(STORED DATA begins)
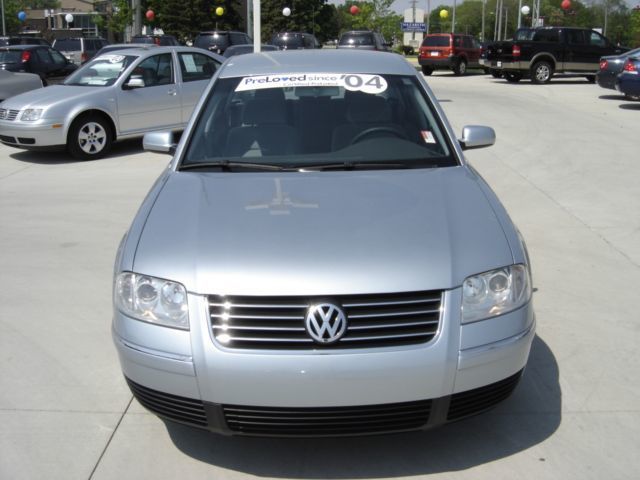 2004 Volkswagen Passat Sedan GL - 1762273 - 1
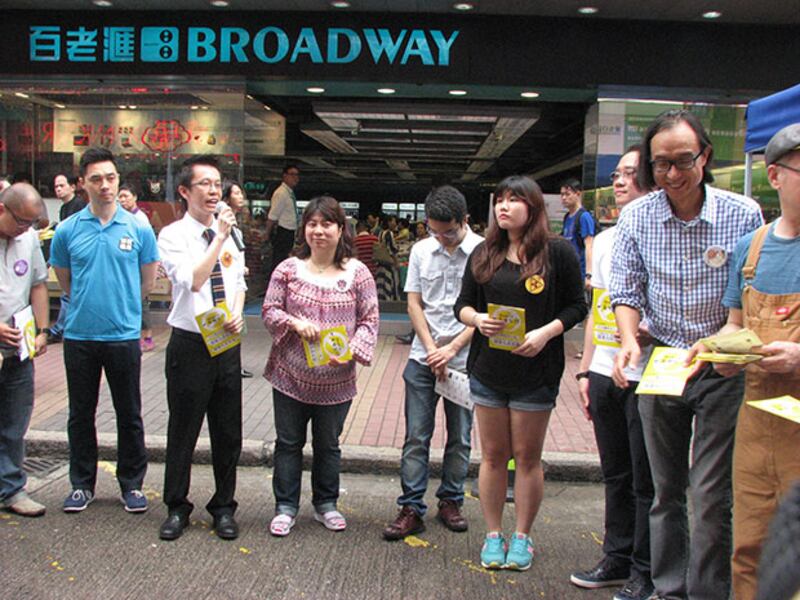 “杏林覺醒”與其他專業團體連續多個周日,跑到多個社區街頭,捲起衣袖,向市民講解不能接受人大常委8.31框架下的政改方案。(劉雲攝)
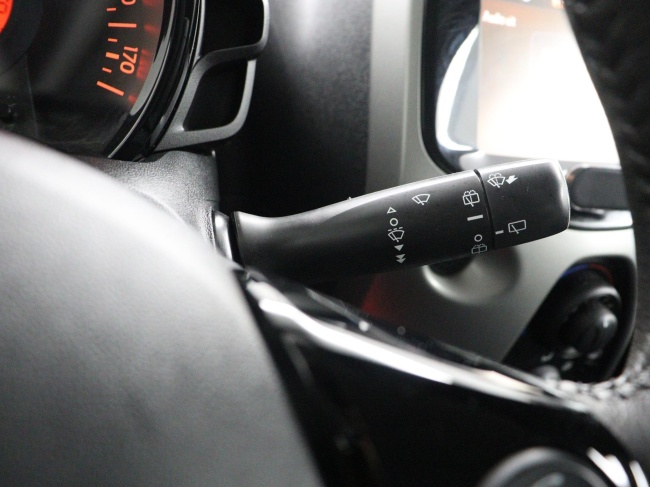 Toyota Aygo - 1.0 VVT-i x-play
(STORED DATA ends)
What is needed is an exact copy of all the data, with no images in it.

 2004 Volkswagen Passat Sedan GL - 1762273 - 1
 “杏林覺醒”與其他專業團體連續多個周日,跑到多個社區街頭,捲起衣袖,向市民講解不能接受人大常委8.31框架下的政改方案。(劉雲攝)
 Toyota Aygo - 1.0 VVT-i x-play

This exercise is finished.